Resource URIs
Use walmart as a database/sql-style driver so a host program can address Walmart as walmart:// URIs.
walmart is a command line, but the walmart Go package is also a small driver
that makes Walmart addressable as a resource URI. A host program registers it the
way a program registers a database driver with database/sql, then dereferences
walmart:// URIs without knowing anything about how Walmart is fetched.
The host that does this today is ant, a single
binary that puts one URI namespace over a family of site tools. The examples
below use ant; any program that links the package gets the same behaviour.
Mounting the driver
A host enables the driver with one blank import, exactly like
import _ "github.com/lib/pq":
import _ "github.com/tamnd/walmart-cli/walmart"
The package's init registers a domain with the scheme walmart for the hosts
www.walmart.com and walmart.com. The standalone walmart binary does not
change.
Addressing records
A URI is scheme://authority/id. The resolver types are:
| URI | What it is |
|---|---|
walmart://product/<id> |
one product, keyed by its item id |
walmart://store/<id> |
a store's public profile |
walmart://category/<id> |
a category, keyed by its numeric id |
ant get walmart://product/5037034321 # the product record
ant get walmart://category/3944 # the category record
ant url walmart://product/5037034321 # the live https URL
ant resolve https://www.walmart.com/cp/electronics/3944 # a pasted link, back to its URI
product, store, and category are best-effort: from a datacenter they may
hit Walmart's bot wall and report need-auth, the same as the matching commands.
See what anonymous access reaches.
Collections
ls lists the members of a collection. Each list operation has its own
authority, so they never shadow one another:
| URI | What it lists |
|---|---|
walmart://search/<query> |
products matching a keyword |
walmart://category/<id> |
the items in a category |
walmart://categories/<id> |
a category's child categories |
walmart://stores/<zip> |
stores near a ZIP code |
walmart://deals |
the current rollbacks |
walmart://trending |
the trending products |
ant ls walmart://search/cordless%20drill # products matching the keyword
ant ls walmart://category/3944 # the items in the category
ant ls walmart://categories/3944 # the child categories
Walking the graph
Every record carries explicit edges to the records it points at, so a host can breadth-first crawl the site and write it to disk without scraping URLs out of free text. The edges are:
| From | Field | Edge to |
|---|---|---|
Listing |
item |
walmart://product/<id> |
Deal |
item |
walmart://product/<id> |
Product |
category_id |
walmart://category/<id> |
Product |
variants |
walmart://product/<id> (each sibling) |
Category |
parent_id |
walmart://category/<id> (up) |
Category |
children |
walmart://category/<id> (down, each) |
A search result or a category page links straight through to the full product;
a product links up to its leaf category and across to its colour, size, and
configuration siblings; a category links both up to its parent and down to its
children. Starting from any node, --follow walks these edges:
ant export walmart://categories/ --follow 3 --to ./data # crawl the taxonomy down three levels
ant export walmart://product/5037034321 --follow 1 --to ./data # a product, its category, and its variants
Each record is written under its minted URI with its edges intact, so the saved set reconstructs the slice of the site that was reached: the category tree, the products in each category, and the variant clusters that tie products together.
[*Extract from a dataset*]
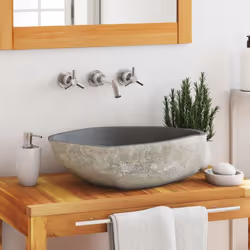 Description générale Ce lavabo de forme ovale, en pierre naturelle de rivière, apporte une touche d'élégance à toute salle de ...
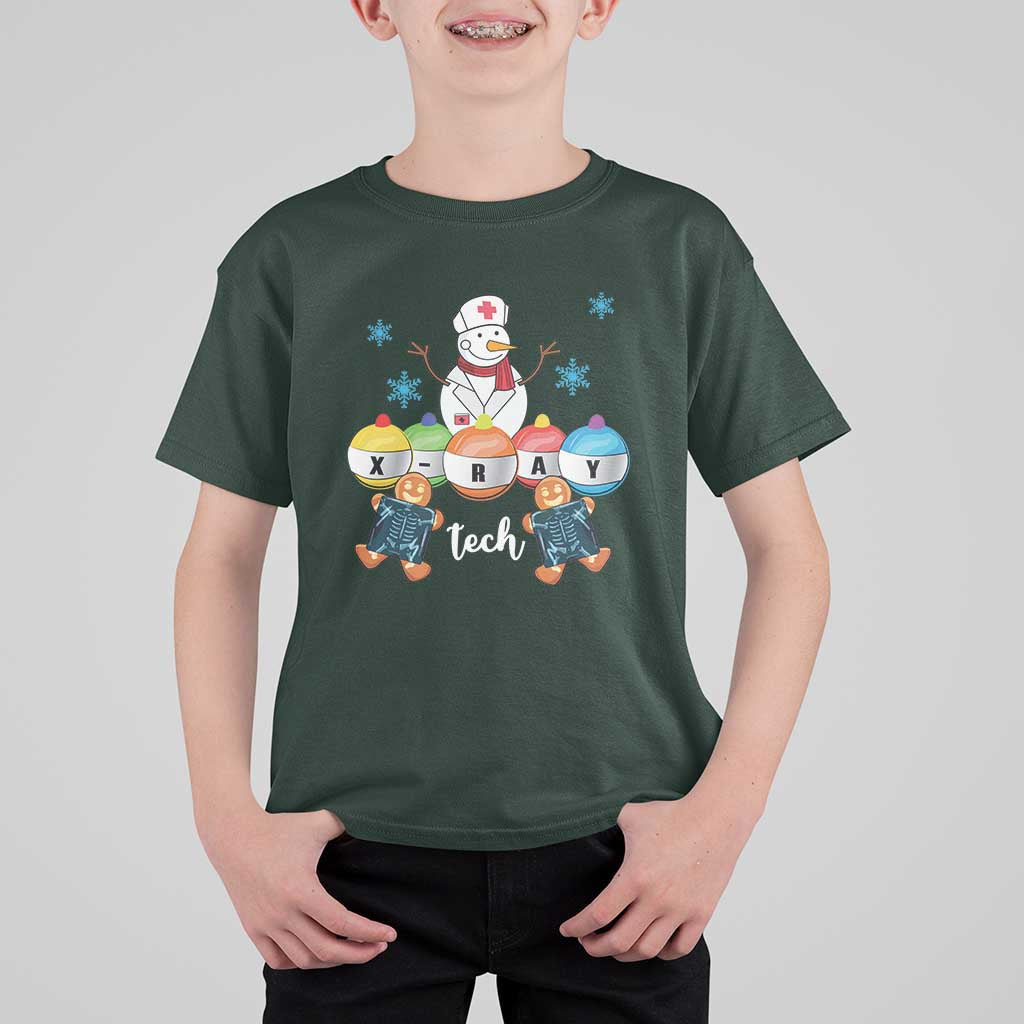 Funny Chrsitmas T Shirt For Kid Snowman Nurse Xray Gingerbread - Wonder Print Shop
These edge fields stay out of the table and CSV views (they would be noise in a terminal) but are always present in the JSON and JSONL a host reads.
Why this is the same code
The driver and the binary share one definition per operation. A resolver op
answers both walmart product on the command line and
ant get walmart://product/... through a host, from the same handler and the
same client. There is no second implementation to keep in step.